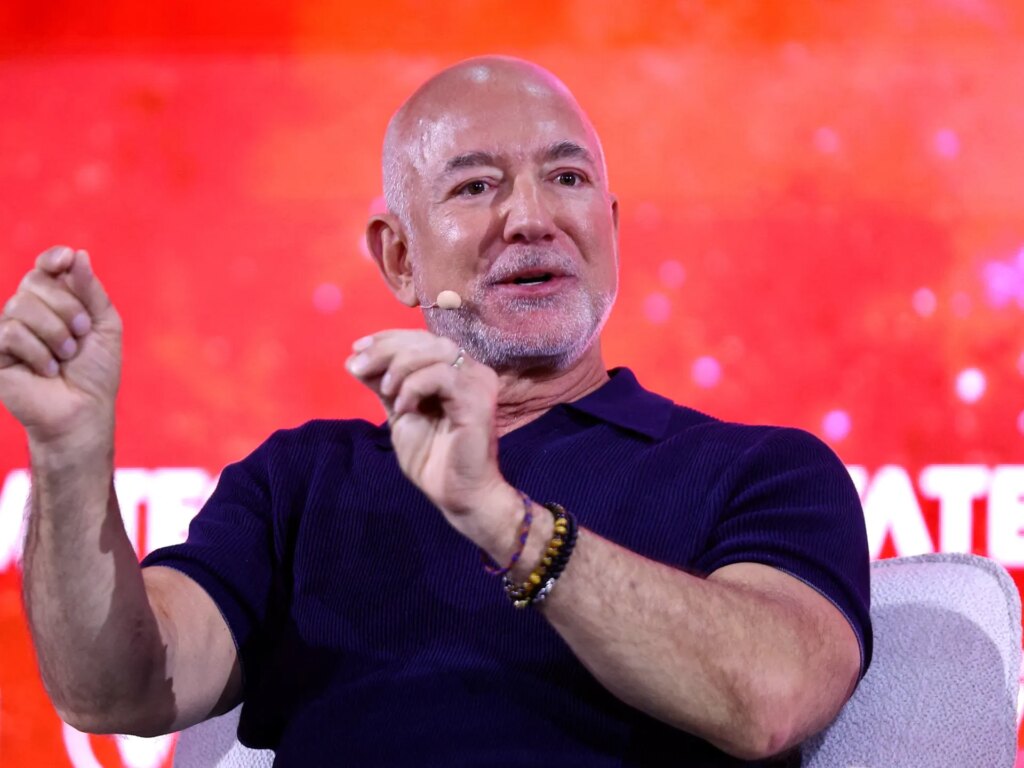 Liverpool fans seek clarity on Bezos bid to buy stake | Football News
- - - - - - -
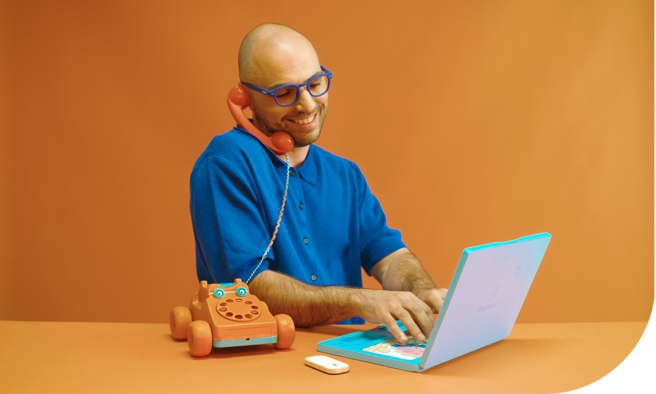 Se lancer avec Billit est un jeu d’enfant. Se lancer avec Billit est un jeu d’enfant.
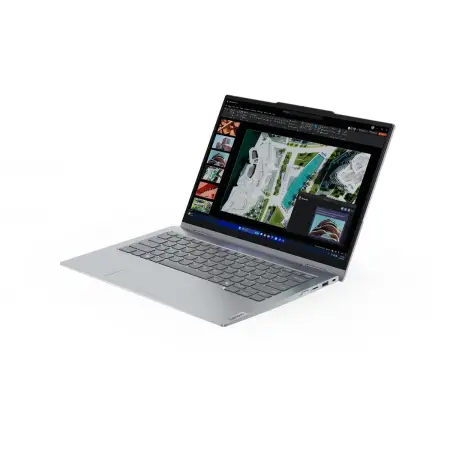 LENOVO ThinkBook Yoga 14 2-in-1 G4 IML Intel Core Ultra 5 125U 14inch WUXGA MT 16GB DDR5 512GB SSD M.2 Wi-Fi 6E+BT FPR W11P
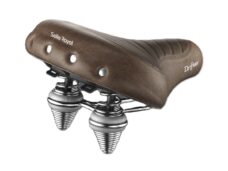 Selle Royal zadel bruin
- - - - - - -
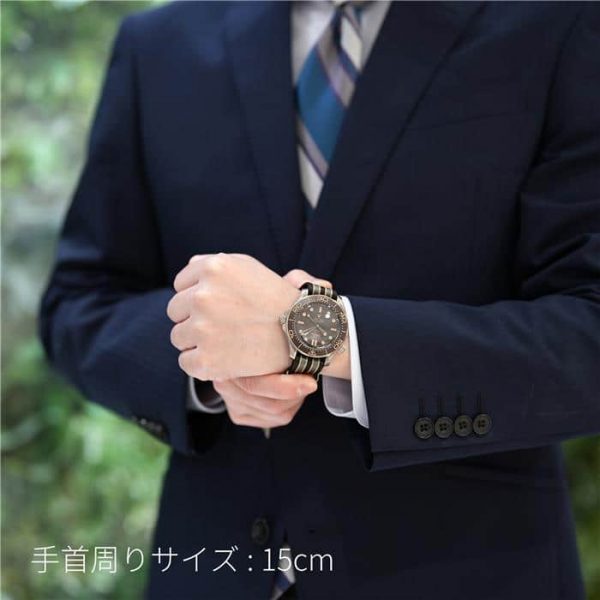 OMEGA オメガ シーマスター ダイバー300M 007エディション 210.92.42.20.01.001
- - - - - - -
> **Your task**
In the data above, retype only the stretch from the line with "Se lancer avec Billit est un jeu d’enfant. Se" through the line with "Selle Royal zadel bruin", word for word, and skip any pictures.

> **Response for this exercise**
 Se lancer avec Billit est un jeu d’enfant. Se lancer avec Billit est un jeu d’enfant.
 LENOVO ThinkBook Yoga 14 2-in-1 G4 IML Intel Core Ultra 5 125U 14inch WUXGA MT 16GB DDR5 512GB SSD M.2 Wi-Fi 6E+BT FPR W11P
 Selle Royal zadel bruin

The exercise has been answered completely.